*Short web captions:*
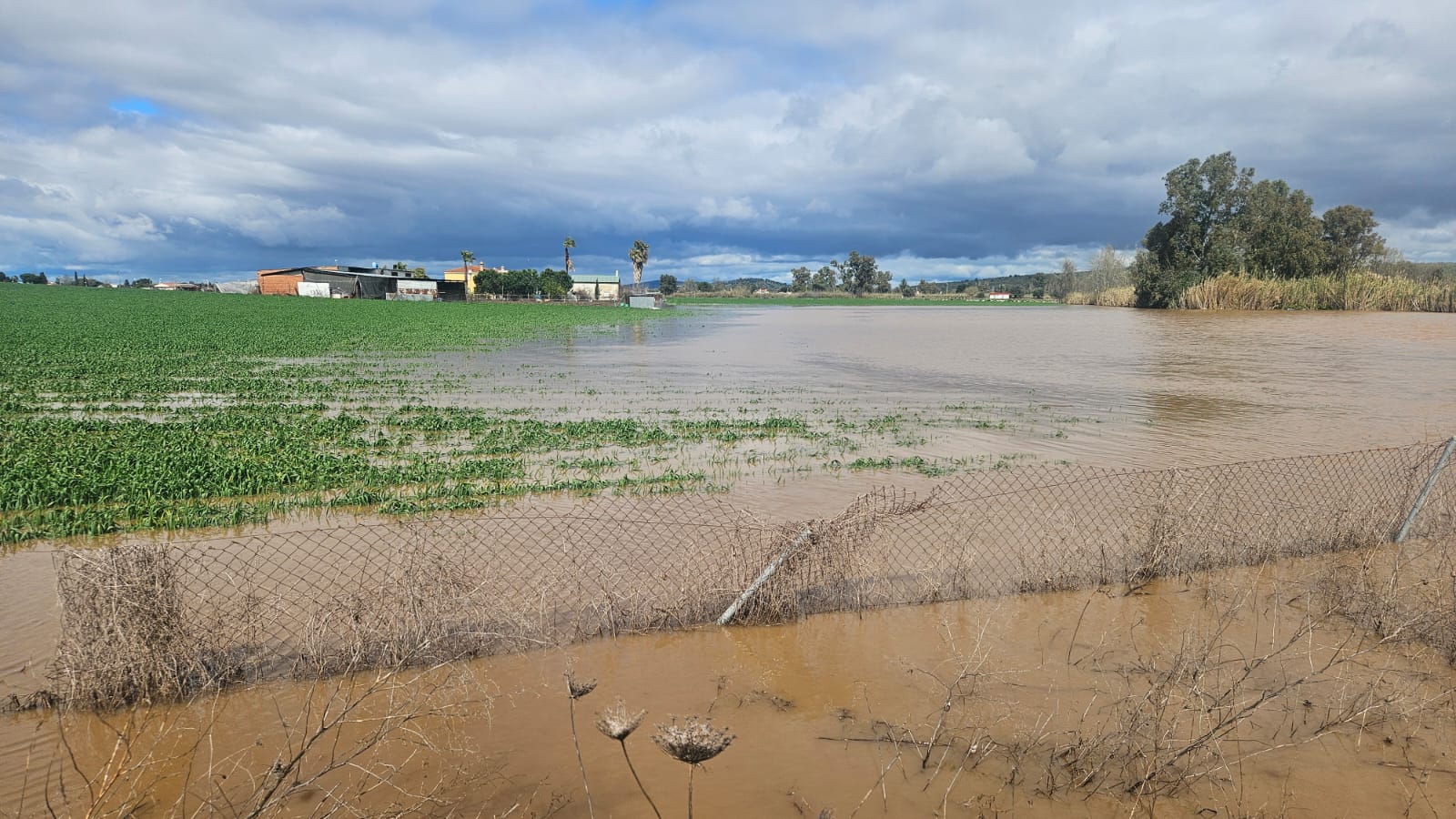 El arroyo Molar se ha desbordado inundando frutales cerca de Villanueva de la Serena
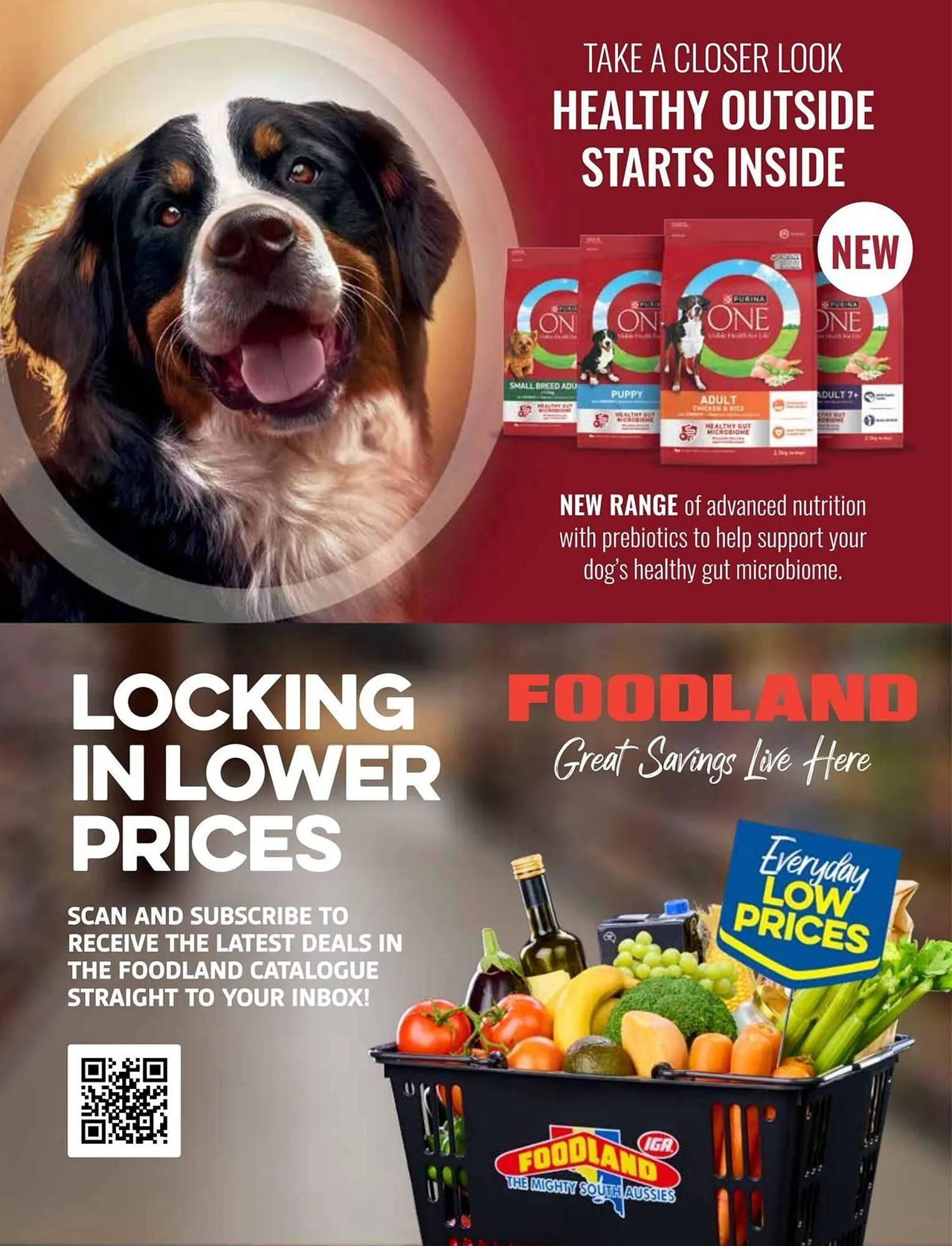 Foodland catalogue - Catalogue valid from 1 March to 30 September 2025 - page 59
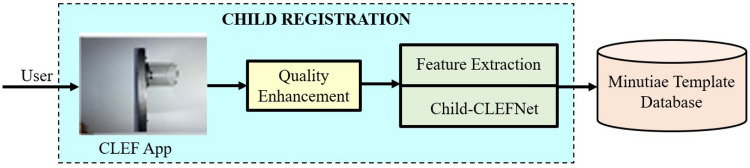 Convolutional neural network based children recognition system using contactless fingerprints.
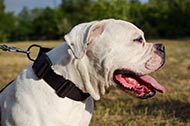 All-Weather Dog Collar for American Bulldog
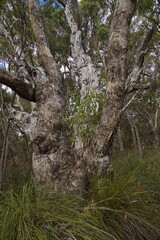 Forest at Lake Clifton in Yalgorup National Park southly of Mandurah, Western Australia, Australia
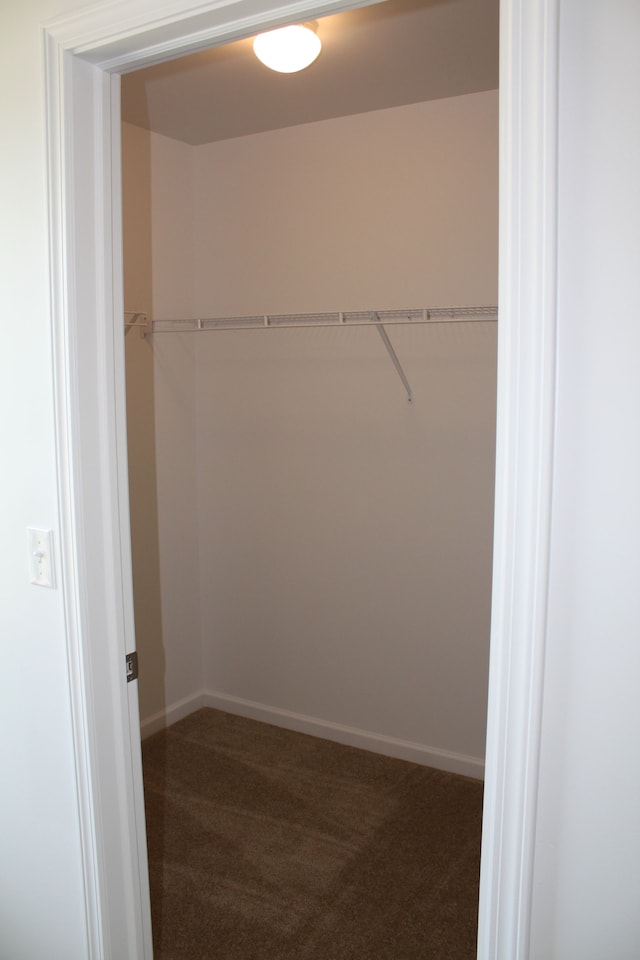 58192 Kincaid St, New Haven, MI 48048 - spacious closet featuring dark carpet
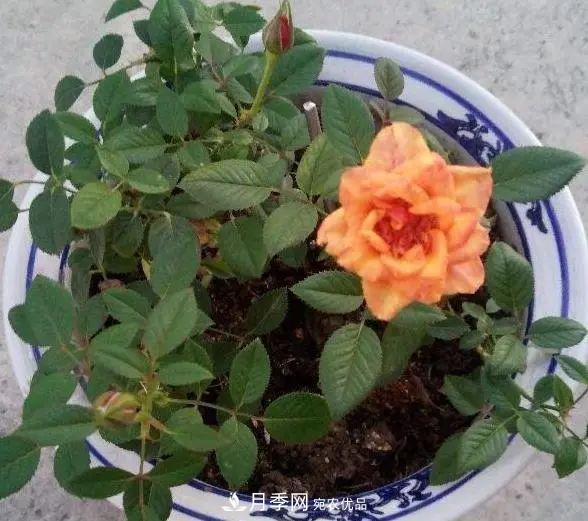 月季滿樹花苞該不該剪掉？認清“2點”，開花又大又漂亮(圖4)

*BRIEF:*
Write out every entry exactly. Pictures do not belong in the copy.

*FINAL ANSWER:*
 El arroyo Molar se ha desbordado inundando frutales cerca de Villanueva de la Serena
 Foodland catalogue - Catalogue valid from 1 March to 30 September 2025 - page 59
 Convolutional neural network based children recognition system using contactless fingerprints.
 All-Weather Dog Collar for American Bulldog
 Forest at Lake Clifton in Yalgorup National Park southly of Mandurah, Western Australia, Australia
 58192 Kincaid St, New Haven, MI 48048 - spacious closet featuring dark carpet
 月季滿樹花苞該不該剪掉？認清“2點”，開花又大又漂亮(圖4)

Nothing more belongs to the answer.